Matt Medina’s first look at a career in construction came at the end of a checkout line, bagging groceries in a Food Basket store in San Diego, California.
He might not have perceived it at the time—he was only 16—but as Medina carefully arranged the eggs, juices, and vegetables in customers’ bags, he already was on his way in a career that would see him travel around the country designing new grocery stores, overseeing remodels, and even facilitating the transition from one store brand to another in just 36 hours.
“I basically worked my way up,” he says. “From bagging, to produce, to night crew, to checkout—you name it, I did it.”
That familiarity with both the behind-the-scenes and day-to-day operations provides Medina with a wealth of institutional knowledge to this day, but it also prompted his becoming one of Albertson’s youngest ever store directors in 2002.
Along with assuming that position of leadership, Medina also entered the Six Sigma Black Belt program. The program, for which the training period can last anywhere from three to six months, helps participants not only solve the hardest problems that companies encounter, but also to put steps in place to avoid such problems in the future.
Matt Medina on …
The Importance of a Solid Project Team
“Converting 100 stores in 100 days is a monumental task, and as with any large construction project, it is imperative to have the right teams in place.
One of my biggest advantages is that I consistently find the perfect support personnel. I can’t say that I can do everything, but I can say that I know who to call on in almost any situation for advice, means, and methods. I owe most of my career growth to building good relationships with consultants, peers and vendors.

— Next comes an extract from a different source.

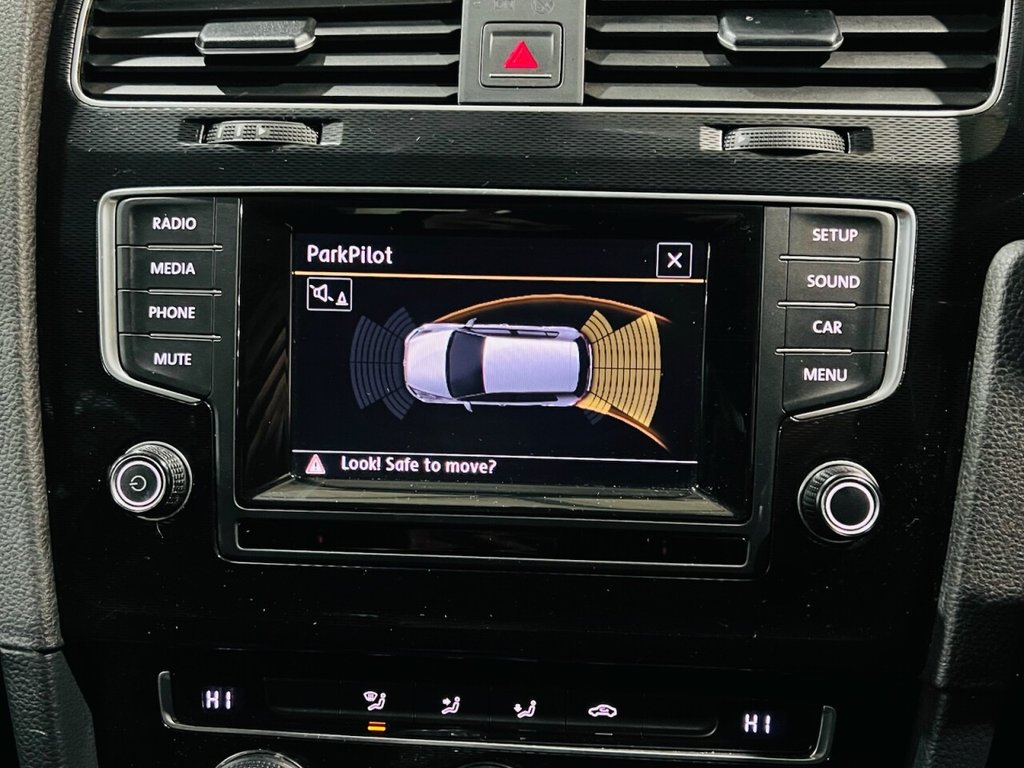 Used Volkswagen Golf 2015 for sale - 77477324: Photo 4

The team that we put in place to accomplish the Haggen conversions was extraordinary in every respect. GC teams collaborated and worked hand in hand with competitors to help coordinate and maintain this impossible schedule. There is not one member of the team that did not pull their weight or go the extra mile to make the whole project successful. I truly owe this accomplishment to the solid relationships built from years of good customer service and trust.”
“That’s really what enabled me to work across the country in the grocery industry,” he says. “In terms of things like risk management, distribution—there’s a whole lot more to the industry than just working in a store and selling groceries.”
In addition to his time with Albertson’s, Medina also had stints as senior project manager with Supervalu, for which he managed both new store construction and remodels from the design state through to grand opening, and as vice president of construction and design for Haggen, Inc.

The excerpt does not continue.